Skorzystam także z tematu i napisze coś co denerwuje mnie od zawsze. Na codzień mieszkam we Wrocławiu. Jest tu dużo ścieżech rowerowych, ale co z tego skoro zazwyczaj są one częścią chodnika a nie jezdni. Przez co co chwila trzeba przejeźdżać przez wyjazdy z posesji lub przejazdy dla rowerzystów, co bardzo spowalnia i jest niebezpieczne. Ponadto normą są drogi które mają po 100-200 m długości i nagle się kończą. Jaki ma to sens?
wieprz
02.10.2013 22:00:40
zakaz wjazdu do miasta powinni miec rowerzysci .... po polnych drogach jezdzic a nie panoszyc sie sie po miescie.....
Maciek
02.10.2013 21:56:27
problem polega na tym, że tragiczna nawierzchnia z takiej kostki, jakiej nie ma chyba w całej Polsce, wymusiła na rowerzystach jazdę po chodnikach. Ta nawierzchnia, jej stan narusza przepisy dotyczące budowy dróg, ale też i bezpieczeństwa. Urządzanie tam biegów to już w ogóle zakrawa na kpinę i raczej kwalifikuje się do zbadania przez organy prawa. Ale nic się nie dzieje - dopóki komuś coś się nie stanie, oby się nie stało.
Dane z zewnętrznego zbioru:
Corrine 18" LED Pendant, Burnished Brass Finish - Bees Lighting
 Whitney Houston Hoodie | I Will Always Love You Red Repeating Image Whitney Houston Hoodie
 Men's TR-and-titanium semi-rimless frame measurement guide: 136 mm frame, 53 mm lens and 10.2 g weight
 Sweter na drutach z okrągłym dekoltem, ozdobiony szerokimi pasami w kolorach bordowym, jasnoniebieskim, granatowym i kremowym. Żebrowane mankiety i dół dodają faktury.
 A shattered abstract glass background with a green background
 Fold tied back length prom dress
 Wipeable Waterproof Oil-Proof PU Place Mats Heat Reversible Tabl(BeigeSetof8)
A ludzie na wózkach, to już chyba zjechali do podziemia
toronto
02.10.2013 21:14:54
Dlaczego nikt nie porusza kwestii nagminnego poruszania się pieszych po ścieżkach rowerowych? Ja non stop muszę objeżdżać święte krowy idące samym środkiem ścieżki rowerowej pod sądem lub na łokietka. Zwróć takim uwagę to cię zwyzwią.I teraz to ja mam płacić mandat za to że używam chodnika do ominięcia piechurów na ścieżce? :/ wolne żarty
rowrzysta
02.10.2013 20:52:00
W Sieradzu co chwilę można spotkać rowerzystów, którzy poruszają się po tutejszych chodnikach, czym zagrażają bezpieczeństwu pieszych. - no właśnie super dziennikarzu czym?
jacka widziałem na rowerze, który jechał PO chodniku. Czy dostałby mandat?
ja to byłabym za tym żeby rowerzyści zostali na ścieżkach, kto komu zrobi większą krzywdę, rowerzysta pieszemu czy samochód rowerzyście ?
WEB.er
02.10.2013 20:24:08
kiedyś przyjdzie moda na poruszanie się pojazdami zgodnie z obowiązujacymi przepisami.
brumbrum dryń dryń
02.10.2013 20:18:08
To jest dopiero paradoks: narzekanie na rowerzystów -> rowerzyści skarżą się na brak ścieżek -> prezydent czy ktoś inny mówi, że sprawą się zajmie -> nic się nie dzieje -> mijają dwa miesiące i znowu narzekanie na rowerzystów. Ja mimo wszystko chciałbym zobaczyć te statystyki, ile ludzi ucierpiało w naszym mieście przez rowerzystów.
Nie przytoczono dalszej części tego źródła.